A HISTÓRIA DO MANEIRAS COMEÇA AGORA
A criatividade e o arrojo do chef Ljubomir Stanisic estenderam-se a um novo espaço no Bairro Alto. Quem conhece o bistrot, na Trindade, poderá não estranhar as ementas, mas ficará surpreendido com algumas novidades e, decerto, impressionado com a versão restaurante de “Ljubo”.
Ésó quando paramos para pensar no que significa “pasta de cabeça de vaca” que nos apercebemos do que estivemos a comer. No momento, quando tudo está a acontecer, Ljubomir Stanisic acrescenta beleza e sabor aos pratos com as suas inigualáveis narrativas. “Este prato era a única coisa boa que o meu pai fazia lá em casa”, conta à mesa grande, em torno da qual todos nos sentamos, sem rodeios e, parece, também sem rancores, apesar do que fica subentendido da explicação. “Prefiro recordá-lo pelo que ele fazia bem”, conclui. E é assim que, só quando chegamos a casa e paramos para pensar, a ideia nos bate na cabeça: pasta de cabeça de vaca?! Caramba.
UMA SALA PARA TODOS
Tal como a pasta de cabeça de vaca já citada – que leva ainda tutano, entre outros ingredientes –, o que se encontra neste 100 Maneiras tem a sua história, como a chegada do fogão à cozinha, um fogão desenhado pelo próprio Ljubomir e que não cabia no portão daquilo que fora, em tempos idos, a Adega do Teixeira (a operação para enfiar o fogão de uma tonelada na cozinha incluiu o recurso a uma grua e a destruição de paredes construídas nas obras de remodelação do espaço, por exemplo). Numa casa com história, feita por pessoas com histórias, não é de admirar que exista uma longa mesa que podemos descrever como “comunitária”, tendo o termo “comunitário” aplicado a este tipo de estabelecimentos de ser sempre entendido como algo restrito à partida. Trata-se de uma mesa onde cabem 10, talvez 12 pessoas, talvez mais se os comensais aceitarem que há sempre lugar para mais um – mas pessoas que não têm necessariamente de se conhecer todas umas às outras: a ideia é mesmo essa, pôr as pessoas a partilhar a mesa e as histórias umas com as outras. Naturalmente, quem preferir o recato pode optar pelas mesas pequenas, onde a privacidade é garantida. Neste espaço cabem todos.
UM MENU DA EUROPA
Para afinar o conceito do restaurante. Ljubomir Stanisic fez pesquisa por vários destinos – muito Norte e muito Sul, muito Báltico e muito Mediterrâneo, Helsínquia meets Barcelona que meets Copenhaga que meets Madrid que meets Estocolmo. Porém, a história deste menu, que é único e que tem preço único, começa em Sarajevo, na Bósnia-Herzegovina, cidade natal de Ljubo, a terra onde cresceu, onde experimentou os primeiros sabores e onde escreveu as primeiras linhas da sua história – uma história que inclui também sabores dos mais amargos, mas que o chef não esconde e tenta reaproveitar de modo positivo. Por exemplo, a História – é assim que se chama o menu –, começa com um enfático “Bem-vindos à Bósnia”, que mais não é que os aperitivos, pão-rosa e broa de milho e depois elementos que, provavelmente, não sabemos ao certo o que são e não temos bem a certeza de querermos saber (ajvar, kajmak, stelja), porque são deliciosos e mais vale preservá-los assim, sem detalhes potencialmente dissuasores. Mais adiante, encontramos o Charuto de Sarajevo (espuma de batata, pão de chá fumado e “tabaco” duvan cvarci) e uma série de sabores de indisfarçável inspiração balcânica – as beterrabas, os rábanos, o pão somun – misturados com outros sabores e ingredientes que diríamos pan-europeus.

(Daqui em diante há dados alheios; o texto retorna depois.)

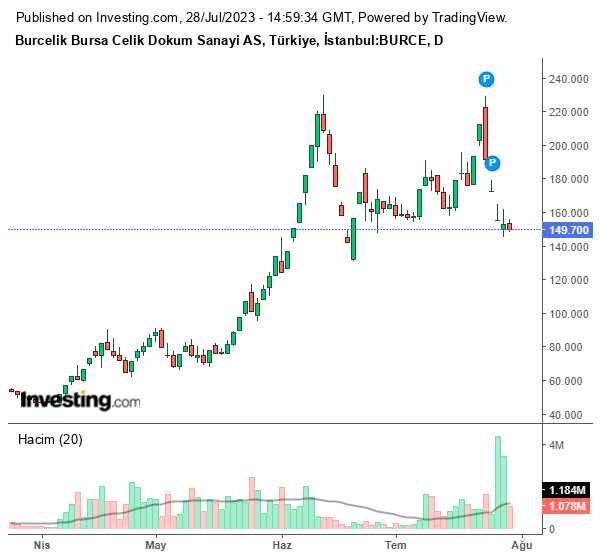 BURCE Hisse Grafiği 28 Temmuz 2023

A carta de vinhos é de qualidade impressionante, mas convém que se saiba ao que se vai. Para tal, o 100 Maneiras disponibiliza dois tipos de harmonizações, a 100 Risco e a Com Risco. A primeira, mais económica (num sentido generoso de “económico”) inclui sete vinhos. A segunda, mais arrojada, chega à prova dos 10. No fundo, tudo depende da história que se quiser contar da experiência no 100 Maneiras.